**The task**
Go to the line with "Baxton Studio Sally" in the records below, then output it and each following line exactly, up to and including the line with "HARLEY DAVIDSON Black". Skip pictures and add nothing.

**Data supplied**
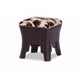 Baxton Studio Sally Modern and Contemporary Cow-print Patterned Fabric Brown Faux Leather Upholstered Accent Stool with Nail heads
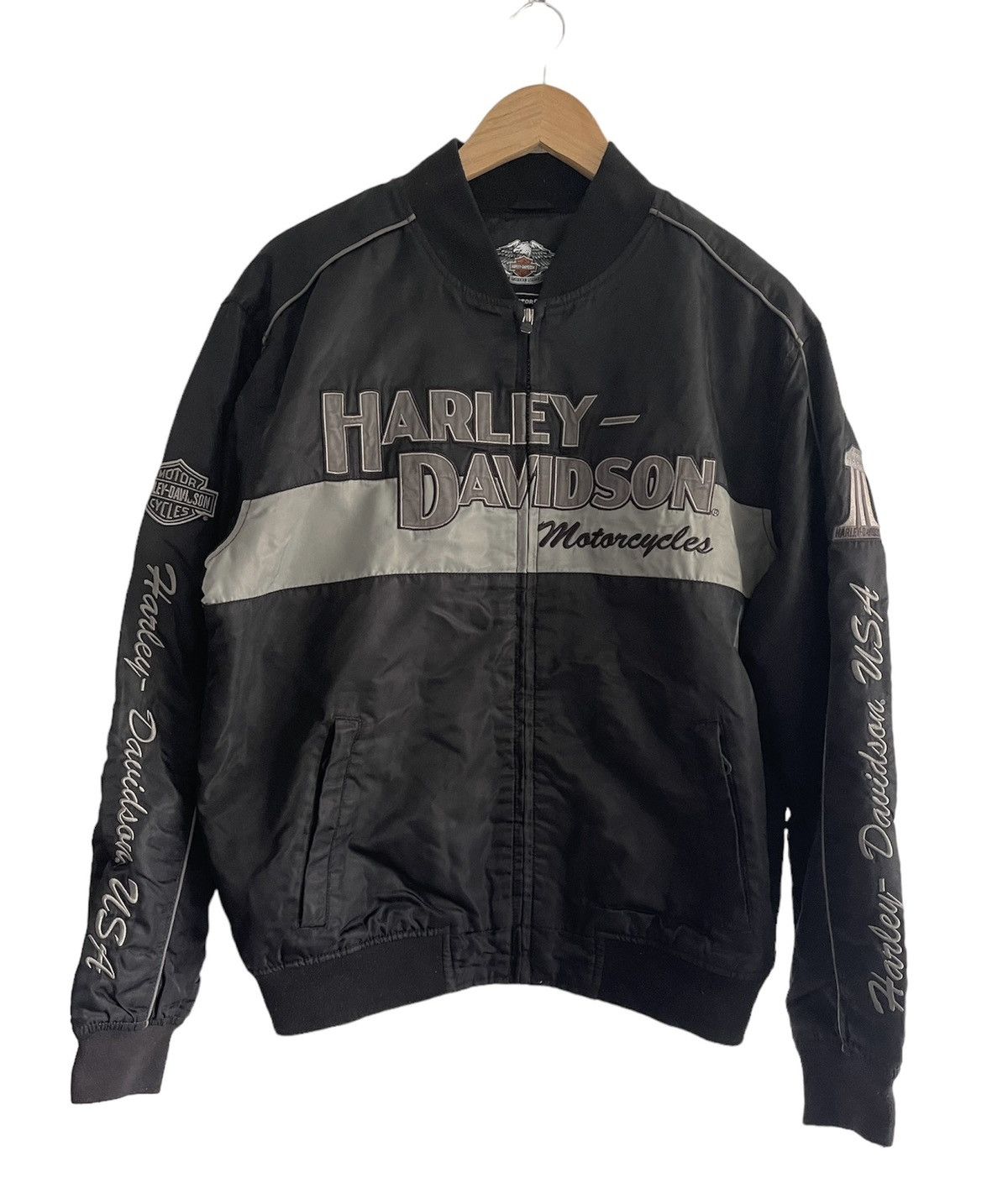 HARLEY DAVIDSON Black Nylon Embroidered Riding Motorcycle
==
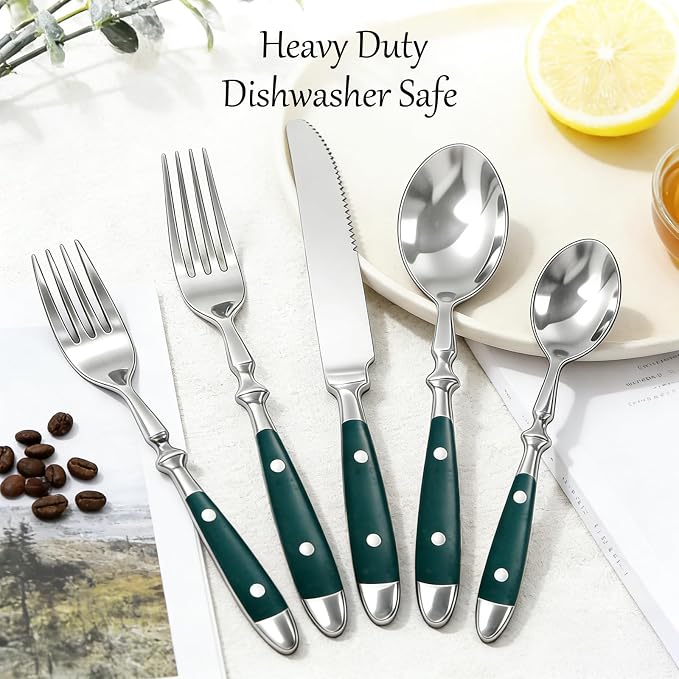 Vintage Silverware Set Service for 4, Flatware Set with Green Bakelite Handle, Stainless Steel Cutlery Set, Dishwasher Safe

**Finished exercise**
 Baxton Studio Sally Modern and Contemporary Cow-print Patterned Fabric Brown Faux Leather Upholstered Accent Stool with Nail heads
 HARLEY DAVIDSON Black Nylon Embroidered Riding Motorcycle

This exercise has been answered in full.